LICENSE.TXT for full details, including support and warranty information.

  ------------------------------------------------------------------------

                            System requirements

  ------------------------------------------------------------------------
The 16-bit version runs under DOS 2.0 or higher, including a DOS box under
Windows. The 32-bit version requires a DOS box under Windows 98, Win95, or
Win NT 4.0.

The two versions operate the same and have the same features, except that
the 32-bit version supports long filenames.

  ------------------------------------------------------------------------

                                Installation

  ------------------------------------------------------------------------
There is no special installation procedure. Simply move GREP16.EXE,
GREP32.EXE, or both to any convenient directory in your path.

You may wish to rename the version you use more often to the simpler
GREP.EXE. All the following user instructions will assume you've done that.
Otherwise, just substitute GREP16 or GREP32 wherever you see GREP in the
examples.

  ------------------------------------------------------------------------

                             User instructions

  ------------------------------------------------------------------------
For a quick summary of operating instructions, type

        grep

The full command form is one of

        grep [options] ["regexp"] [<inputfile] [>outputfile]
        grep [options] ["regexp"] inputfiles [>outputfile]

In the first form, GREP is a filter, taking its input from the standard
input (most likely piped from some other command). In the second form, GREP
takes its input from any number of files, possibly specified with paths and
wildcards. Please be aware that the 16-bit and 32-bit GREP programs expand
wildcards slightly differently because the 32-bit version supports long
filenames. Thus the 32-bit version would expand abc* to include all files,
with any extension or none, whose names start with abc; with the 16-bit
version you need abc*.* to get the same result.

In both forms, the outputfile will receive the matching lines (or other
output, depending on the output options). For output to the screen, omit >
and outputfile.

"regexp" is a regular expression; see below for how to construct one. A
regular expression is normally required on the command line; however, if
you use the /F option, regular expressions will be taken from file instead
of the command line.

Example:

        grep -I "pic[t\s]" \proj\*.cob >prn

will examine every COBOL source file in the PROJ directory and print every
line that contains a picture clause ("pic" followed by either "t" or a
space) in caps or lower case (the /I option).

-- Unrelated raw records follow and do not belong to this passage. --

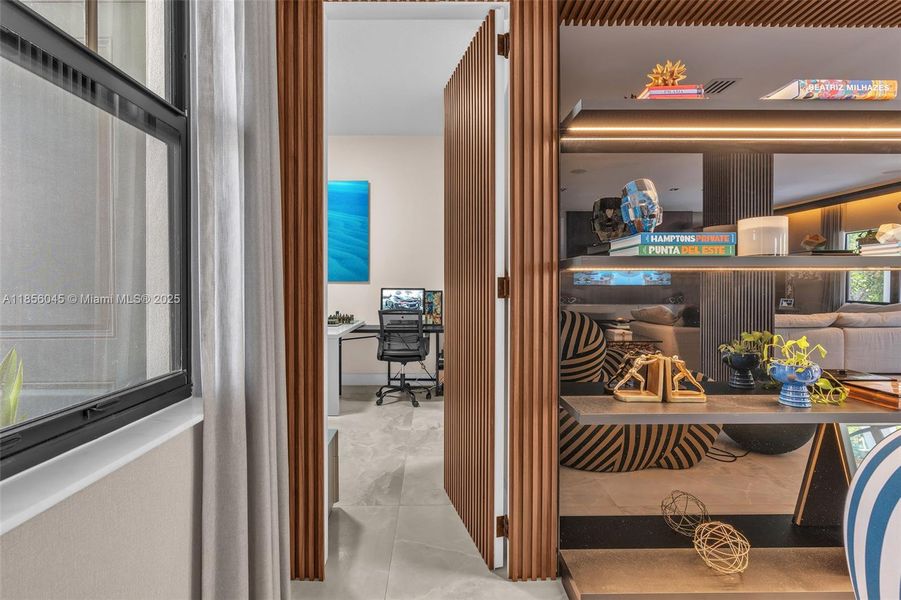 Furnished interior view inside a new home in , Miramar (Image 17).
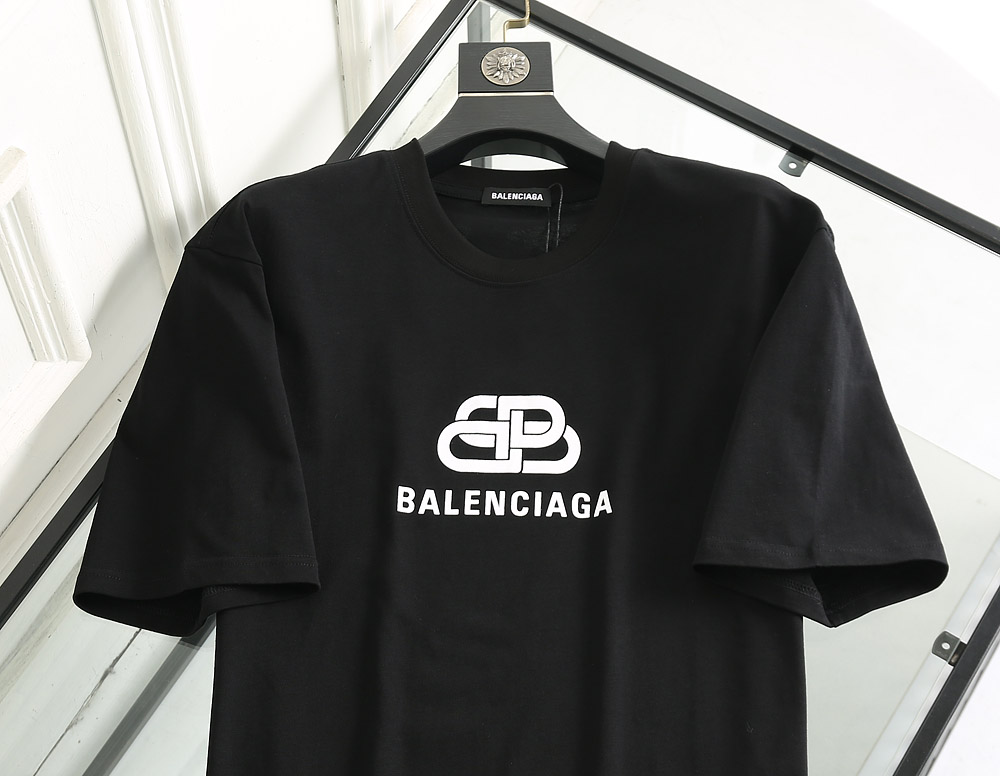 Balenciaga T-Shirt BB Chest in Black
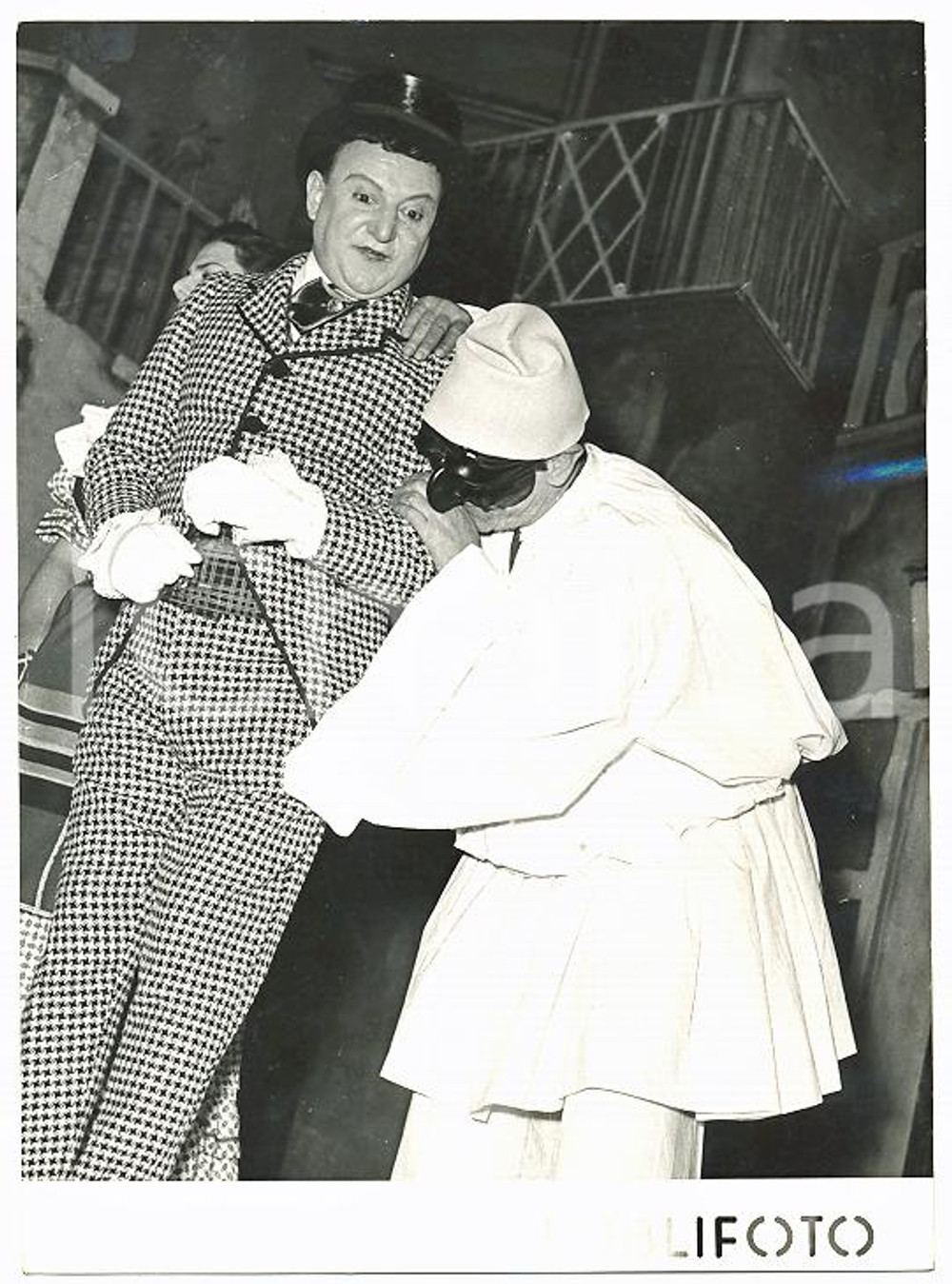 1954 NAPOLI Teatro San Ferdinando - Eduardo DE FILIPPO nei panni di PULCINELLA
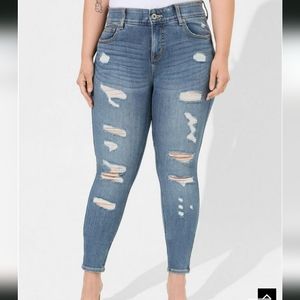 Torrid Destructed Bombshell Skinny Jean Size 16S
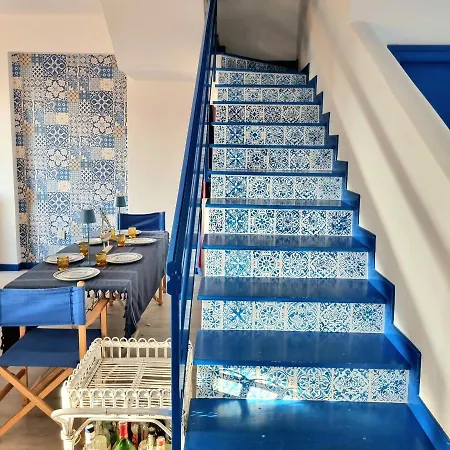 Nyaraló Beachfront Villa With Private Beach Access - Free Parking Falerna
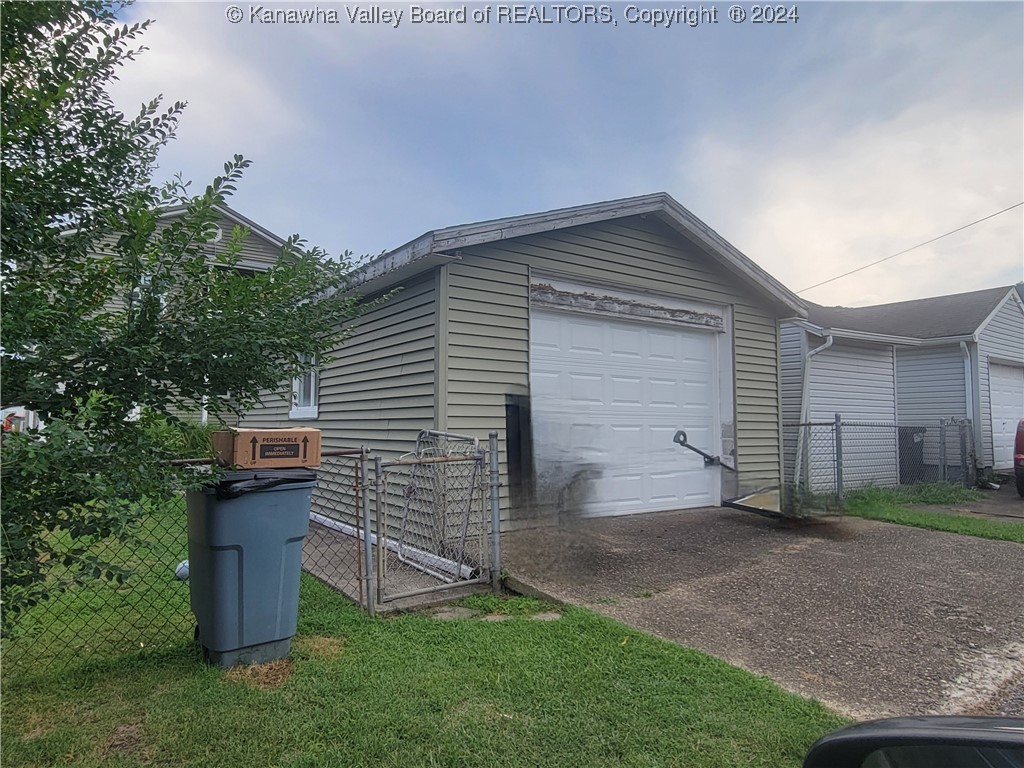 Belle, West Virginia 25015, United States, 4 Bedrooms Bedrooms, ,2 BathroomsBathrooms,Residential,Active,45524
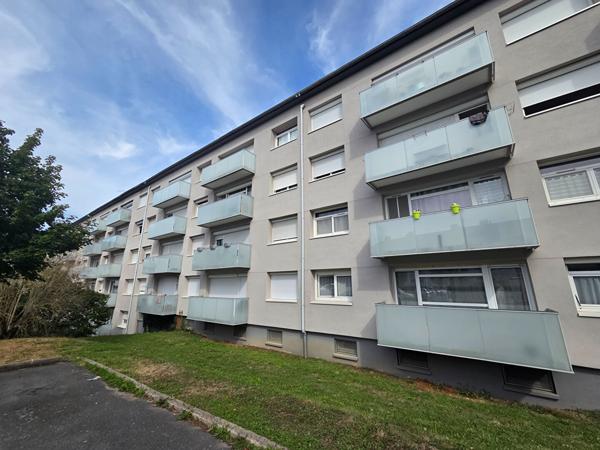 Appartement  3 pièce(s) 65 m2 avec balcon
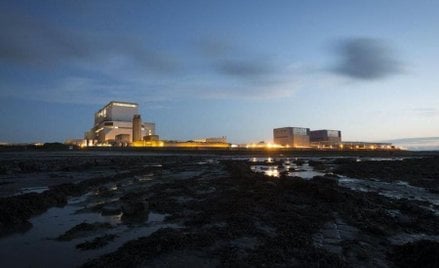 ME: zbada akceptację dla atomu i jego lokalizacji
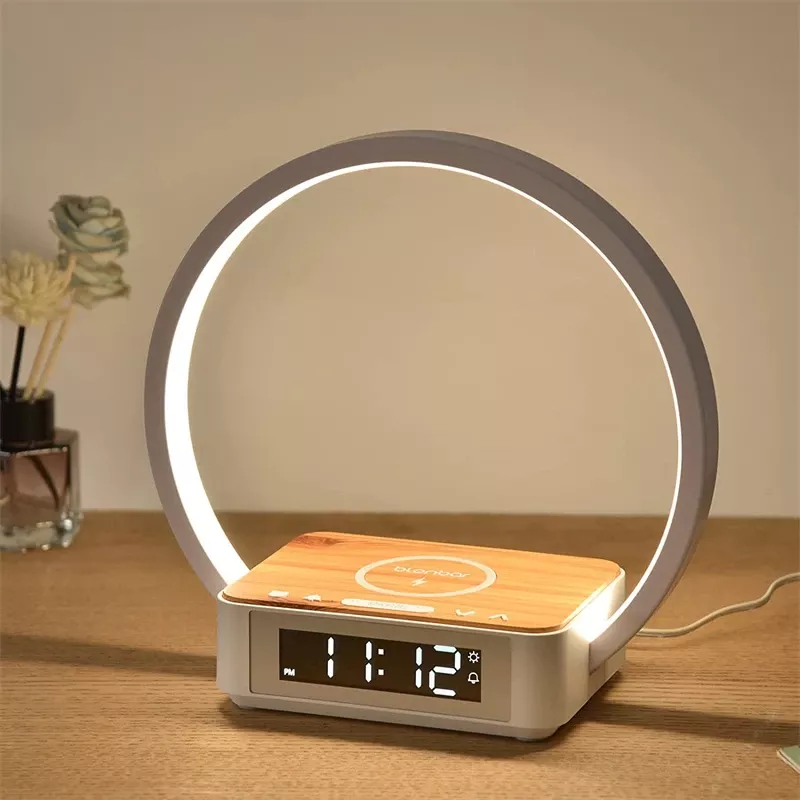 Lampe de chevet avec réveil et chargeur induction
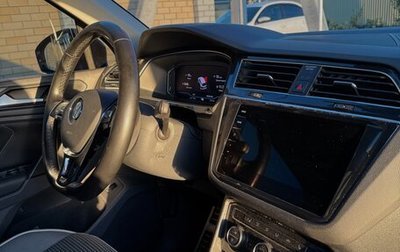 Volkswagen Tiguan II, 2020 год, 3 150 000 рублей, 1 фотография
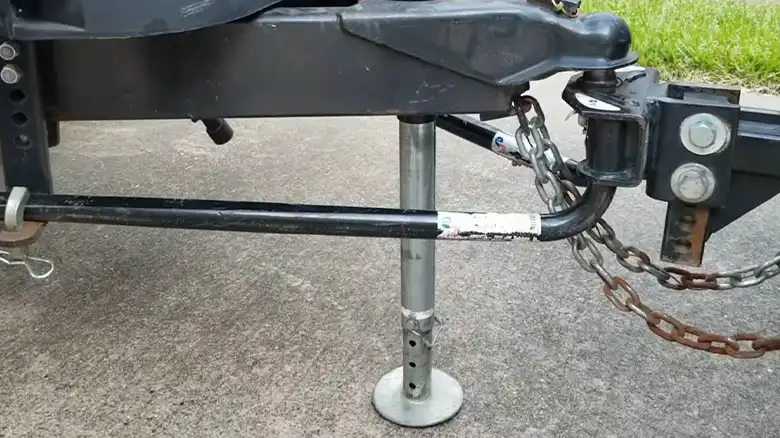 How I Adjusted the Sway Bar for My Travel Trailer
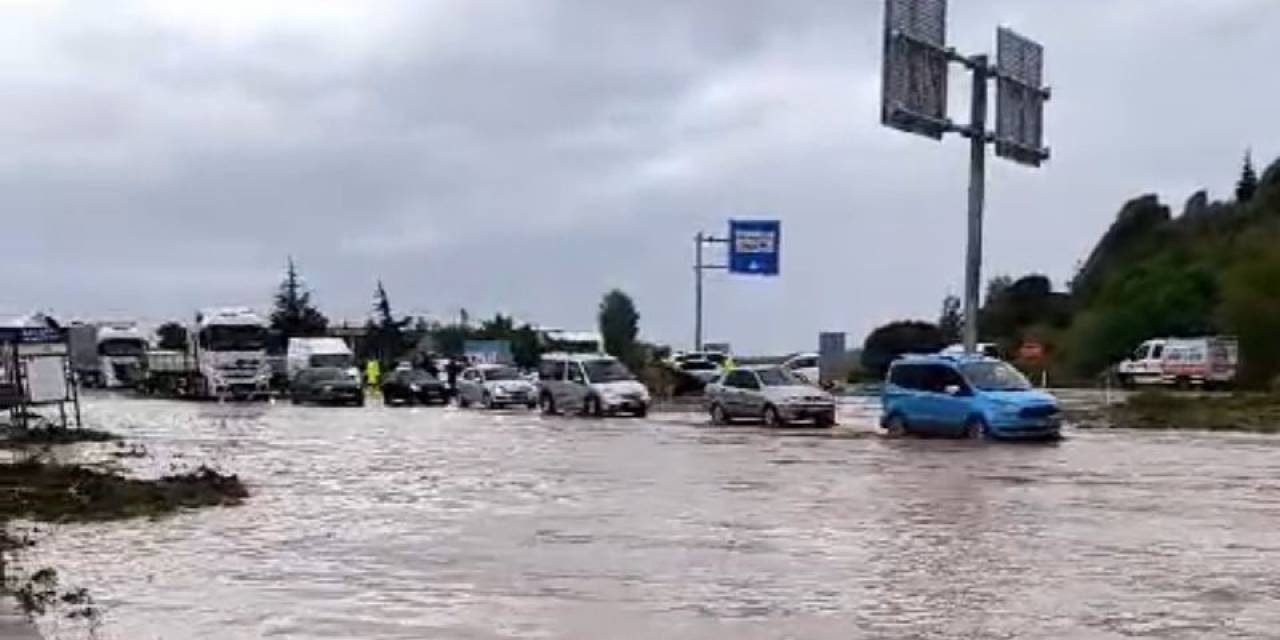 Nevşehir’de Sağanak Ulaşımda Aksamalara Neden Oldu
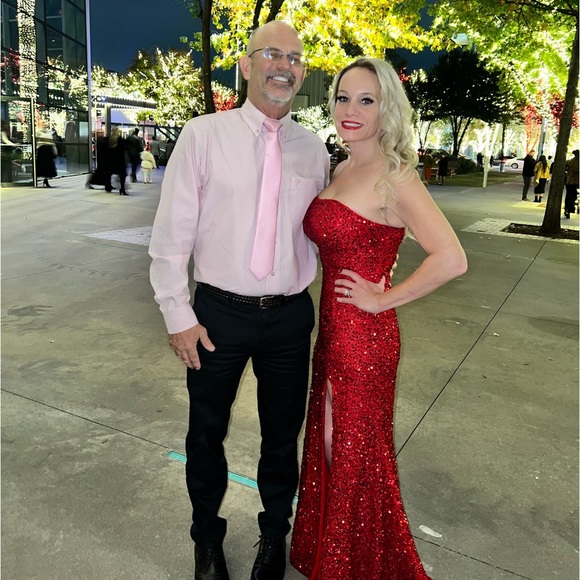 Meet your Posher, Nicole - Picture 3 of 4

  ------------------------------------------------------------------------

                                  Options

  ------------------------------------------------------------------------
GREP's operation can be modified by several options, either on the command
line (before or after the regular expression) or in an environment variable
(see below).

You have a lot of freedom about how you enter options. You can use a
leading hyphen or slash mark; you can use upper- or lower-case letters; you
can leave spaces between options or combine them. For instance, the
following are just some of the different ways of turning on the P3 and B
options:

        /p3 -b    /b/P3    /p3B    -B/P3    -P3 -b

This document will always use capital letters for the options, to make it
easier to distinguish letter l and figure 1.

General options

Quite a number of GREP's options control the appearance of the output, and
those options are collected in a separate section below. This section
explains the other options.

/? Display a help message and exit with no further processing.

/0 or /1
     These options control the values that GREP returns in the DOS error
     level. /0 returns 0 if there are differences or 1 if there are no
     differences; /1 returns 1 for differences or 0 for no differences. For
     more details, see Return values below.

/Dfile
     Display debugging information. Debugging information includes whether
     you're running the 16-bit or 32-bit version, the value of the
     environment variable, the values of all options specified or implied,
     the raw and interpreted values of the regular expression(s), and
     details of every file scanned. This information is normally
     suppressed, but you may find it helpful if GREP seems to behave in a
     way you don't expect.

     file is optional. If you specify /D by itself (followed by a space),
     debugging information will be sent to the standard error stream, which
     is normally the screen.

     Since the debugging information can be voluminous, you may want to
     specify an output file: file must follow the D with no intervening
     space, and the filename ends at the next space. GREP will append to
     the file if it already exists.

/Ffile
     Read one or more regular expressions from file instead of taking a
     single regular expression from the command line. You must enter the
     regular expressions one per line in the file; don't surround them with
     quotes. (This is similar to the F option in UNIX grep, but unlike UNIX
     grep, you can have multiple regular expressions in the file.)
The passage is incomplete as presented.